Eat breakfast like a king, lunch like a prince, supper like a pauper

This is just an example to give you an idea of what you can have for breakfast. What about an egg on a bed of colourful salad to entise; spinach, bell peppers, onions, chives, nuts, cranberries, goats cheese, tomato salsa, grated cheese etc. The order in which you eat the food is also important. Eat the protein first. Be careful with the cooking methods that can enhance inflammation and you can also have a plate with cottage  cheese nuts, seeds, and berries or most often I eat bacon, egg, tomato, mushrooms or asperagus and avocado.

 You may not feel like eating 3 meals a day. Only eat when you are hungry. So for lunch you can have half a plate of salad or veggies, a quater plate of meat and the other quater is made up by healthy fats, for example mayonaise or olive oil, avocado oil, coconut oil, butter or ghee.

Supper time can be an egg salad, spinach quiche or a sandwich. Bake your own bread in a cup, ready in 90 seconds.

When you are on a ketogenic diet for a while you can try intermittent fasting. That means eating only two meals a day.

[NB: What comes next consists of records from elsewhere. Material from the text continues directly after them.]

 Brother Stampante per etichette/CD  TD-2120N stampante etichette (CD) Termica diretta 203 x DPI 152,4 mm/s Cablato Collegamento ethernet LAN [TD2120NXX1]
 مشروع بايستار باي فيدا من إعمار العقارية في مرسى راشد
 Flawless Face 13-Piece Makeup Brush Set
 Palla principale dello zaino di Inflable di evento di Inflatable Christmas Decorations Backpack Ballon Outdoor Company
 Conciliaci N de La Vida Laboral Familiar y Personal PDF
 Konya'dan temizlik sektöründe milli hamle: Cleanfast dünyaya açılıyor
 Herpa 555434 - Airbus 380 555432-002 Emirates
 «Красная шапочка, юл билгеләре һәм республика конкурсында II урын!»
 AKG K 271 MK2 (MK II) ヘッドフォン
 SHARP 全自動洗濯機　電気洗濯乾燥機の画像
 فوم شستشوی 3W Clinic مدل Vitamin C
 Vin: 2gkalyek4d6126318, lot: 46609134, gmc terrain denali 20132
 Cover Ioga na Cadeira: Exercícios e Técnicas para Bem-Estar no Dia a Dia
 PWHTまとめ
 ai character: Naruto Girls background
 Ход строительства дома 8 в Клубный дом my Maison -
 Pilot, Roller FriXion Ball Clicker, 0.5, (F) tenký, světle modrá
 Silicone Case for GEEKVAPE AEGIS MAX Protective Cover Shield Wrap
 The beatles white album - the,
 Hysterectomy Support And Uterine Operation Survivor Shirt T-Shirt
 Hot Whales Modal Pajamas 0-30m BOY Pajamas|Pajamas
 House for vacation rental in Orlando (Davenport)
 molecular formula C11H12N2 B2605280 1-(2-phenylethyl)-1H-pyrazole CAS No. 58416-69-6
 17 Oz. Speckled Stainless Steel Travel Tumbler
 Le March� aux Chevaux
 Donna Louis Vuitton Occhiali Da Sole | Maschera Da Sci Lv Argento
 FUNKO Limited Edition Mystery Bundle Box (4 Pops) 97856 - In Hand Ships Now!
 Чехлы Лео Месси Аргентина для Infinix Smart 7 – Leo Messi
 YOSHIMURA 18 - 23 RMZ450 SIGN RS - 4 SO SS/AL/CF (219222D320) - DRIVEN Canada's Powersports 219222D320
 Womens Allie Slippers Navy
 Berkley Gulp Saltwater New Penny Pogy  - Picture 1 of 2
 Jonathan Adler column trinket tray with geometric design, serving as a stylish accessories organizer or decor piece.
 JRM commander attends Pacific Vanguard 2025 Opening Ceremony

Breakfast will only be at 10 or 11 o'clock or noon. Supper can then be six hours later. The fewer times you eat the less insulin is used. So try not to eat in between meals. If you feel for something sweet eat a small piece of dark chocolate of bake your own mug cake in 50 seconds.

Remember to exercise everyday. I for instants go for walks in my neighborhood. You can even Download pacer on your phone and  count your steps.